As we were walking back to the hotel we started to come across others who were out for a morning stroll. On hearing us greet them with 'Morena', Sakamoto san soon joined in and was greeting the locals cheerily with a Japanese-accented Morena!
That afternoon we were hosting some local students, teachers, career advisors and media on a guided boat cruise of the Bay of Islands - to show them the variety of roles that go into creating a tourism experience and that it isn't just those three employees who are on the boat with us. We asked Sakamoto san if he would like to join us too, and of course he said yes.
The crew at Fullers did a brilliant job of looking after us for those two hours - the Bay of Islands is a gorgeous . They were all intrigued by Sakamoto san, especially when they heard his story. What was made apparent though, is how difficult it can be to travel in New Zealand if your first language is not English. There are some businesses that have translations readily available, but it's the simple things - like safety instructions, or having a way that they can understand the stories that are being told in their own language - wouldn't that make their experience so much better? It was very cool to see the effort that everyone went to to communicate with Sakamoto san (again, bless Google Translate!) but this is something that we as both a tourism industry and a country need to figure out - how do we fully include those who have limited/no English?
Back at the Copthorne Bay of Islands, final preparations were well underway for the launch of the College.
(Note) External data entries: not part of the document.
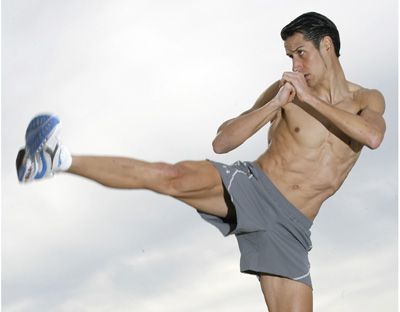 Marca abdominales de una patada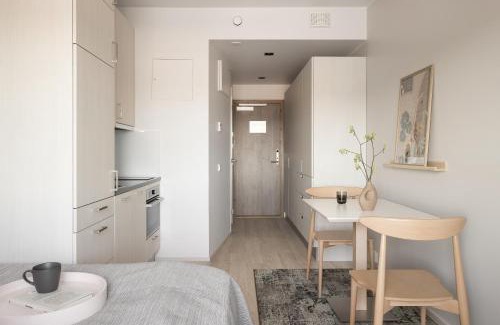 Myyrmaki Hotel | Relax at Noli Myyrmäki: Pet-Friendly Retreat with Hot Tub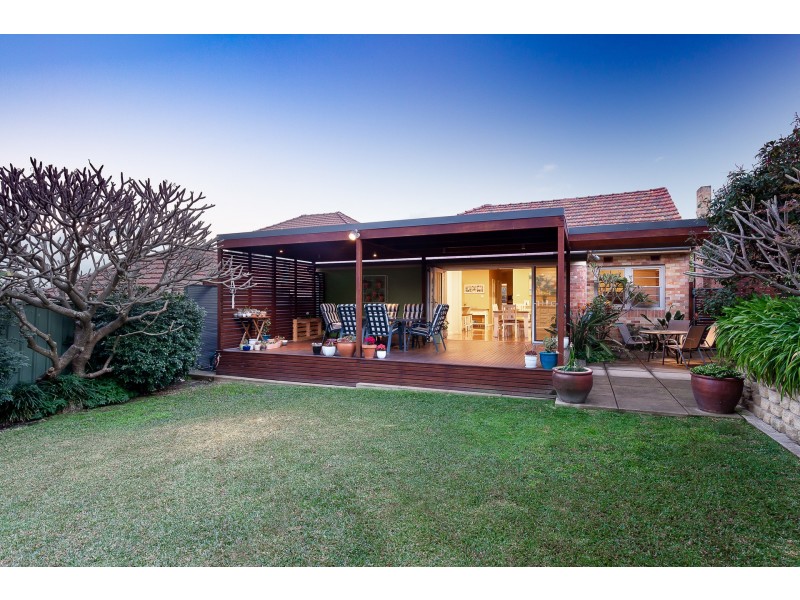 16 Jean Street, New Lambton NSW 2305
As we arrived back we at the hotel we had a super quick change and then it was time to greet the VIP guests that had arrived for the launch, including Ministers, MPs, Iwi leaders, School leaders, local Councillors, potential students, QRC Board member and staff, industry leaders, and more.
The launch went brilliantly - the vibe and energy from everyone in the room was phenomenal and everyone is excited for the opening of the College in April.
We introduced Sakamoto san and he turned out to be a very popular man - everyone wanted to talk to him, to hear his story, how he had found New Zealand so far, and where he was planning on heading next.
The amount of offers of accommodation and to host him in their hometown were numerous! But that goes back to manaakitanga - treating someone like you would family. It would have been easy for us to pick up Sakamoto san and then drop him at the backpackers without seeing him again. But both us and him received something from those two days spent together - we shared our cultures, our land, and our food.
We were fortunate that one of our guests was fluent in Japanese and able to do some translating for us at the function where we were able to find out much more about him and his life in Japan. This culminated in a fantastic story on One News, which had the added bonus of being the only story that reporter Helen Castles has ever done that has received only positive comments on the One News Facebook page!
What was even cooler was how many people on the facebook came together - updates were posted over the next few weeks of people who had driven Sakamoto san to his next stop, who had shown him around their town, or shared a meal with him.
As the evening drew to a close, Sakamoto drew us aside to tell us in English that he'd had one of the best couple of days of his life and to thank us profusely for all we had done. That feeling that all of us had - that was manaakitanga.